# Massey Ferguson 165



## MFNJ165 (7 mo ago)

Hello Group,

Need some help on this. I have a 1970 MF 165 gas perkins engine. 
Does it have a generator or an alternator? Been waiting over a week for a manual and want to get this done.
All help is apricated.

Thanks
MFNJ165


----------



## HarveyW (Sep 15, 2014)

Howdy MFNJ165, welcome to the forum.

By 1970 I think Massey Ferguson had gone to alternator with external regulator (as opposed to a 12V generator and external regulator). You can rig up a Delco 10SI one wire alternator (has internal regulator)


----------



## MFNJ165 (7 mo ago)

HarveyW said:


> Howdy MFNJ165, welcome to the forum.
> 
> By 1970 I think Massey Ferguson had gone to alternator with external regulator (as opposed to a 12V generator and external regulator). You can rig up a Delco 10SI one wire alternator (has internal regulator)



Reason I asked, currently has alternator on it but it doesn't line up with main crank and water pump. So at some point it was changed and they put something else in.

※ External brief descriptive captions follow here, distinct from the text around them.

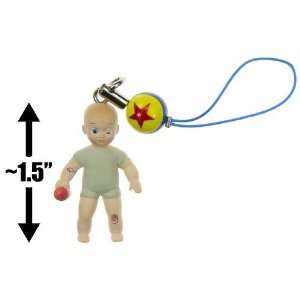  Big Baby (~1.5): Toy Story 3 Sunny Side Mini Figure Strap 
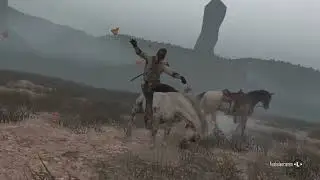 Red Dead Redemption Fan Service Trophy / Achievement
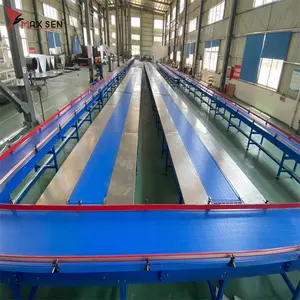 Food Grade Modular Belt Conveyor With Factory Price From China Manufacture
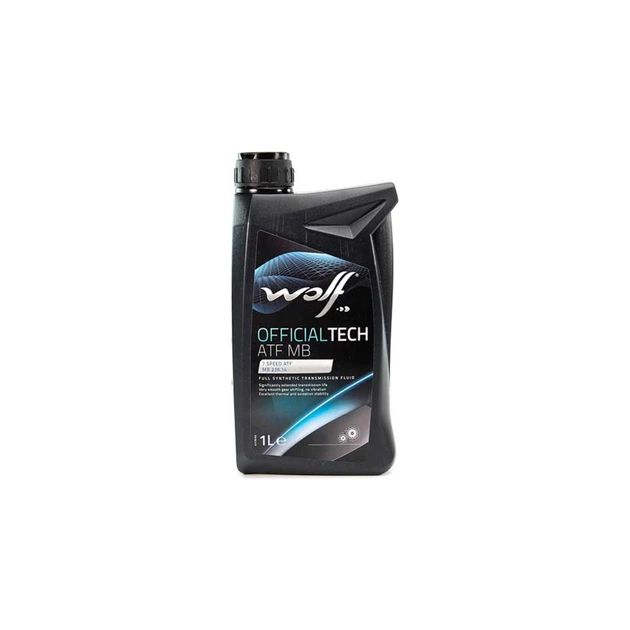 Трансмиссионное масло Wolf OFFICIALTECH ATF MB 1л (8305801) - изображение 1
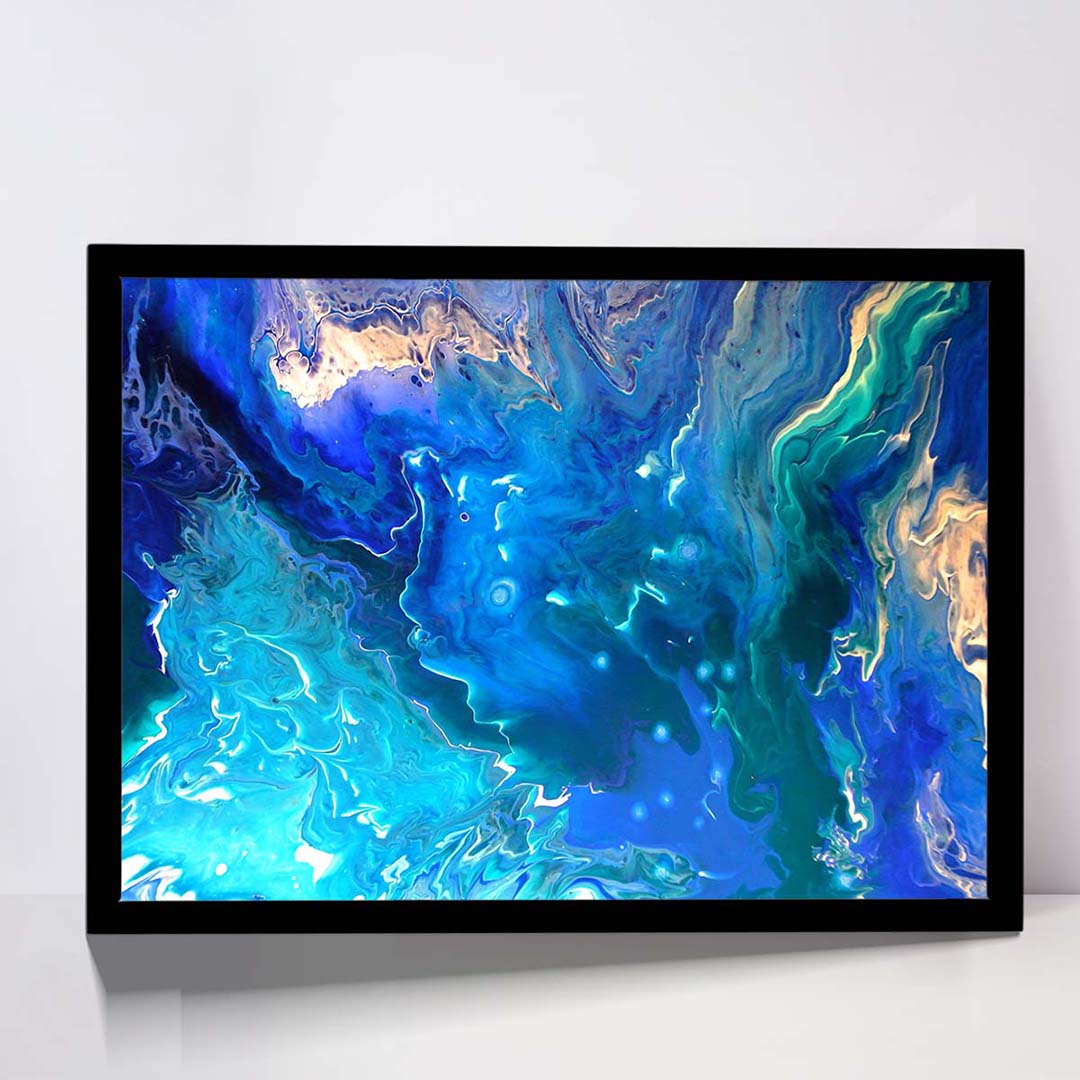 تابلو مدل abstract کد F-11033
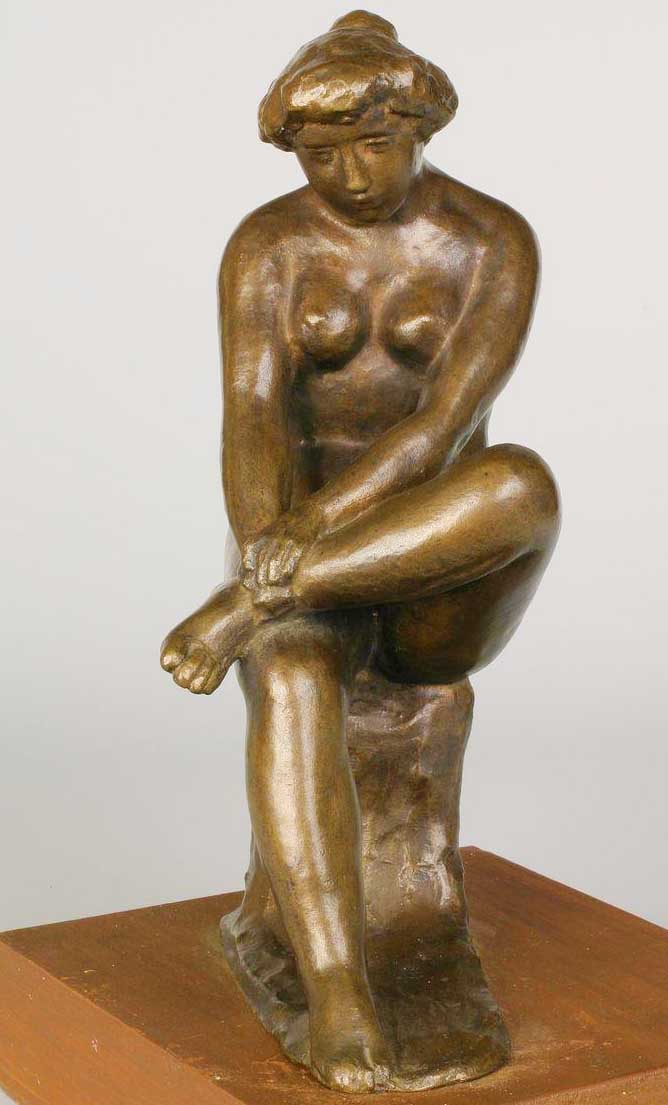 левая нога7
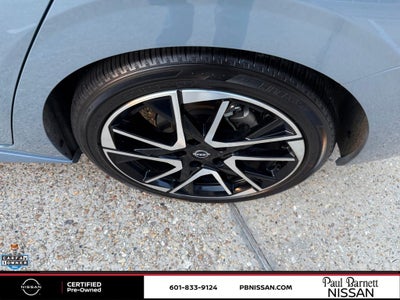 2024 Nissan Sentra SR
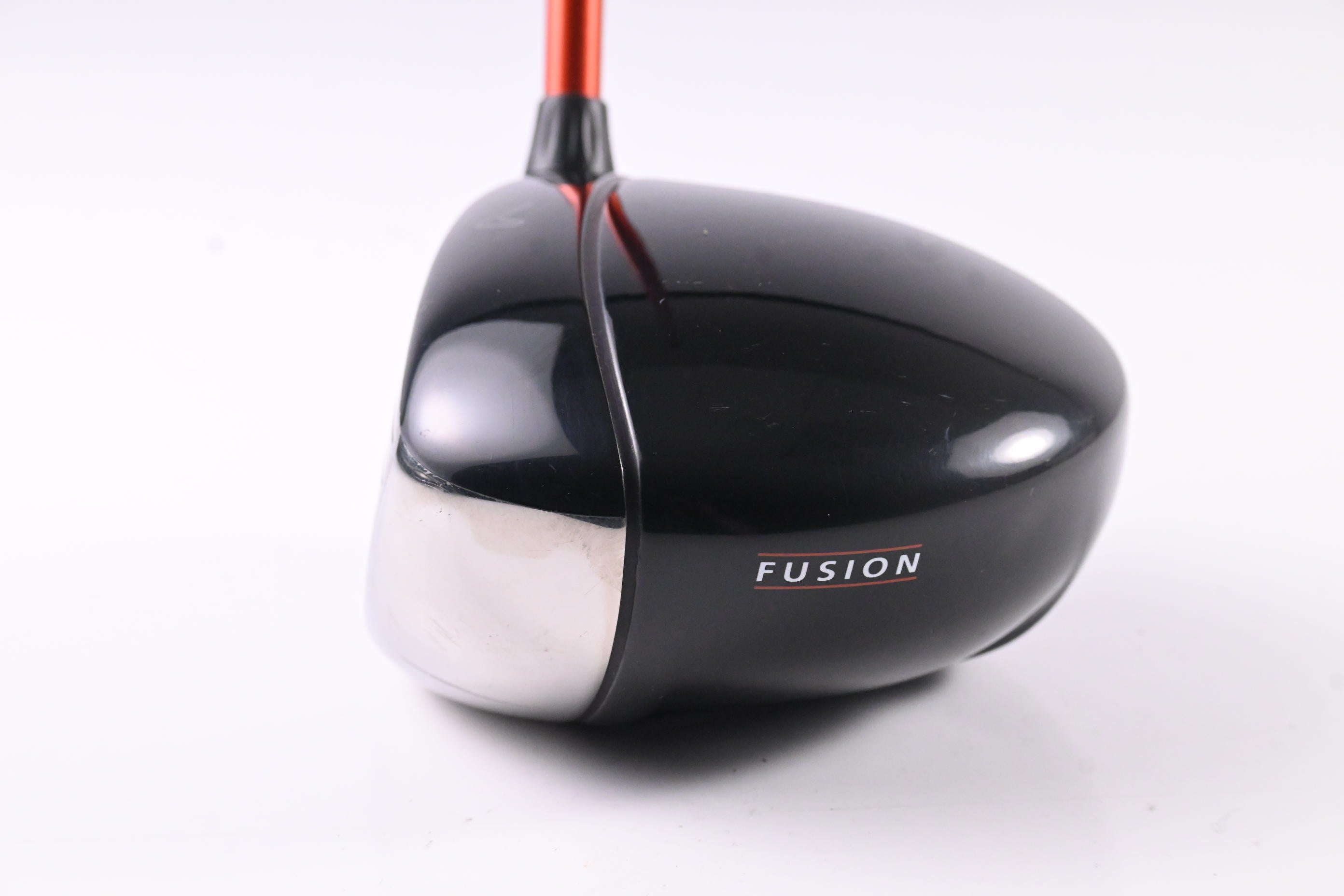Left Hand Callaway Big Bertha FT-3 Fusion Driver / 10 Degree / Stiff Flex Aldila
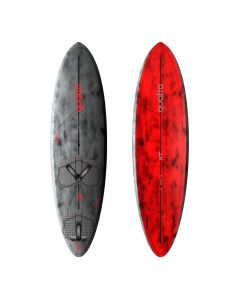 Quatro Windsurf Board Pyramid 6 Wave Board 2025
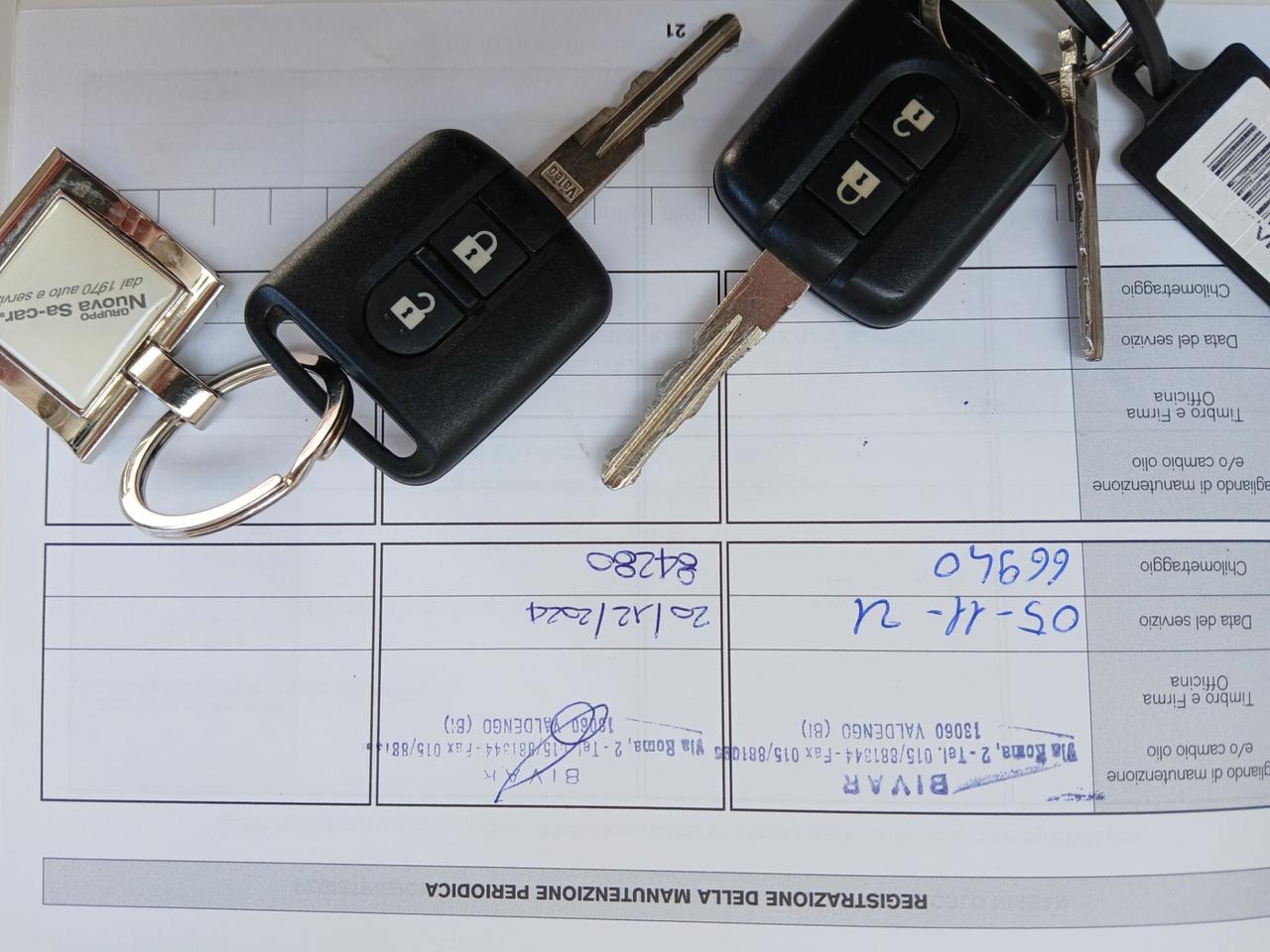 Nissan Qashqai Tekna 86 000 km certificati
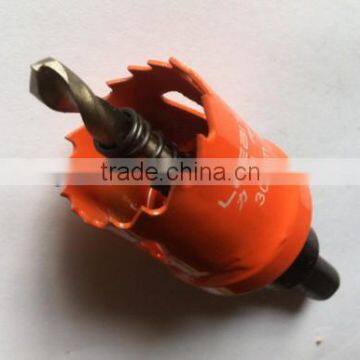 30mm High Quality M42 HSS Bi-metal Hole Saw With Arbor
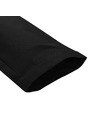 ALPINE PRO Dámské softshellové kalhoty s cool-dry ALPINE PRO CORBA black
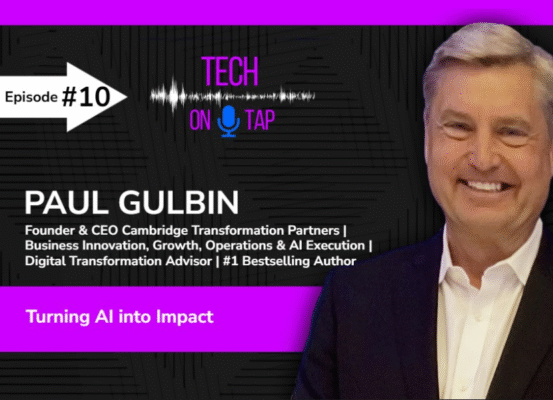 Paul Gulbin podcast episode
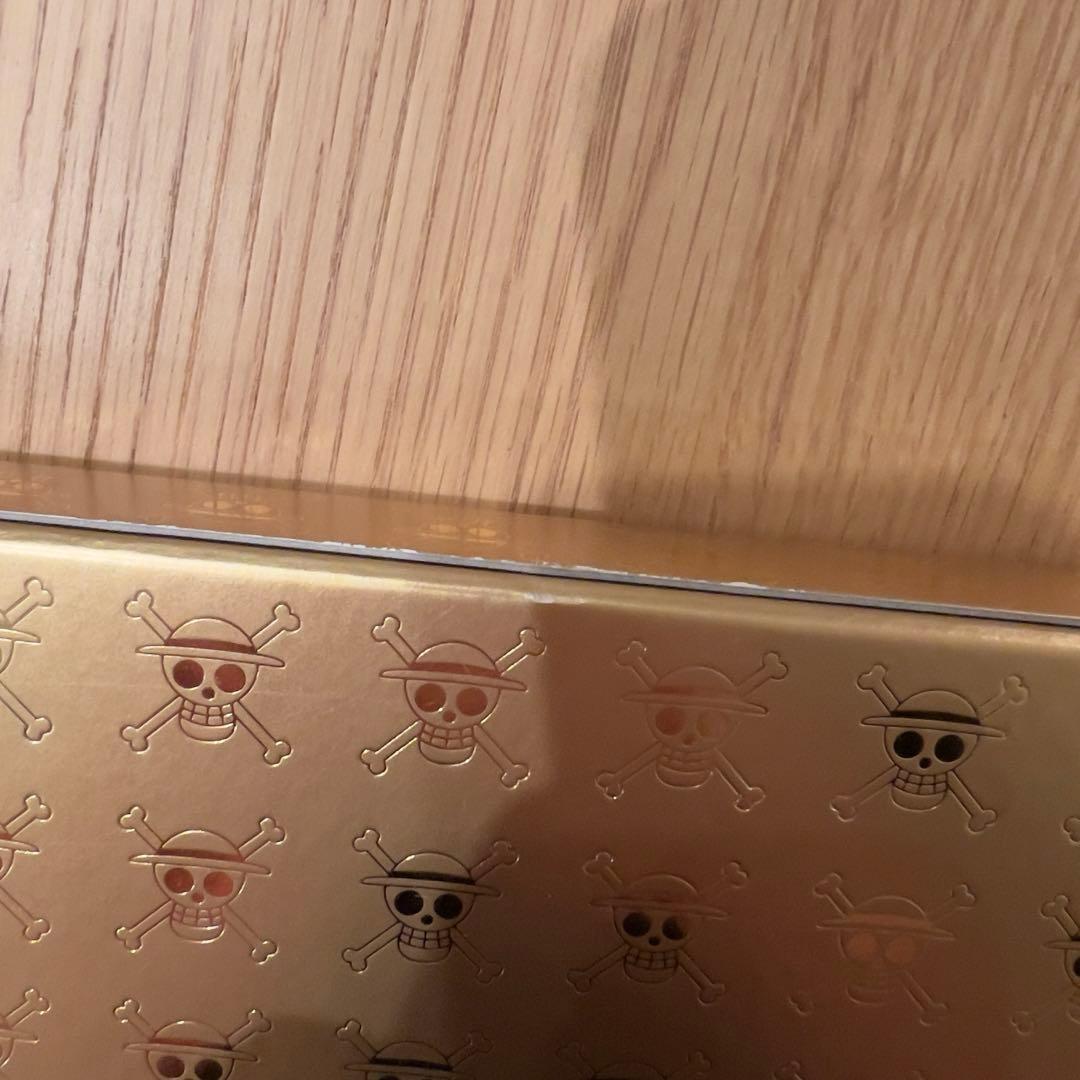 ONE PIECE 第1話複製原稿BOX ROMANCE DAWN 冒険の夜明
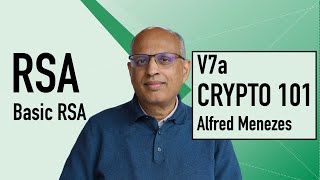 V7a: Basic RSA (Applied Cryptography 101)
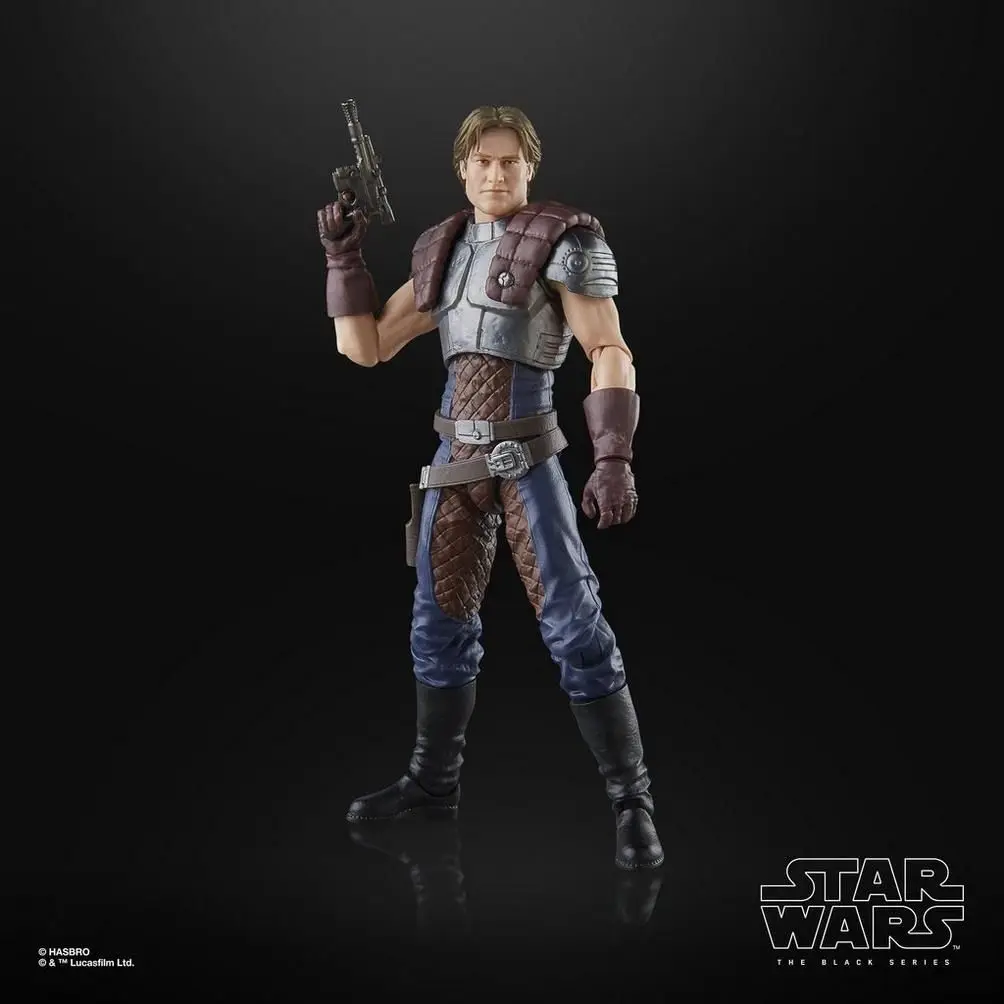 【予約販売】ハスブロ STAR WARS ブラックシリーズ ダッシュ・レンダール G0899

Thanks HarveyW. for the info
Btw your tractor looks great. Where did you get the rims for it?
I have the four rail rear rims with calcium and they're shot and want to change to regular rims.


----------



## HarveyW (Sep 15, 2014)

Rims came with the tractor, bought it used. Sold it years ago. It was a great tractor, great memory. No calcium chloride in rear tires


----------